Genetik yatkınlık, hormonal dengesizlikler, menstrüel akışın rahim dışına doğru geriye kaçması ve bağışıklık sistemi sorunlarının çikolata kisti oluşumunda rol oynayabildiğini ifade eden Medical Park Antalya Hastane Kompleksi'nden Kadın Hastalıkları ve Doğum Uzmanı Op. Dr. Hakan Bilgesoy, “Bu faktörlerin bir araya gelmesiyle endometrial (rahim duvarı) dokuda iltihaplanma, kanamalar ve sonucunda çikolata kistleri oluşabilir. Çikolata kisti, adını içerdiği kahverengi renkli sıvı benzeri maddeden alır. Bu kistler genellikle yumurtalıklarda bulunur" diye konuştu.

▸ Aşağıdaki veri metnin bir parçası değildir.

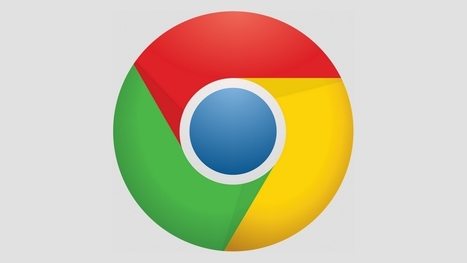 Chrome bloquera les pubs intrusives à partir du 15 février 2018 | La publicité à de l'avenir | Scoop.it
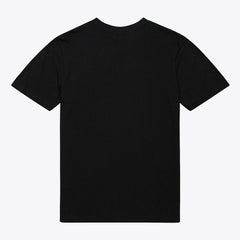 San Francisco 49ers Women's Team Dynamic Boyfriend T-Shirt Black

'YUMURTALIKLARLA DAHA SIK GÖRÜLÜYOR'
Çikolata kistinin ağrılı adet dönemleri, pelvik ağrı, ilişki sırasında ağrı ve fertilite (doğurganlık) sorunları gibi bir dizi semptoma neden olduğunu söyleyen Op. Dr. Bilgesoy, “Bu durum, kadınların yaşam kalitesini büyük oranda etkileyebilir ve uzun süreli tedavi ihtiyacı doğurtabilir. Her 10 kadından 1'inde çikolata kisti görülmektedir. Rahim içini döşeyen (endometrium) tabakanın rahim dışı herhangi bir yerde yerleşmesi durumudur. Endometriozis en sık yüzde 65-70 oranında overlerde (yumurtalıkta) görülür. Bunun dışında, görüldüğü organlar karın içini döşeyen periton zarı, bağırsaklar, tüpler, mesane, vajina, üreter, eski operasyon dikiş bölgeleri, akciğerler, diyafram, beyin, göz, meme dokusudur" dedi.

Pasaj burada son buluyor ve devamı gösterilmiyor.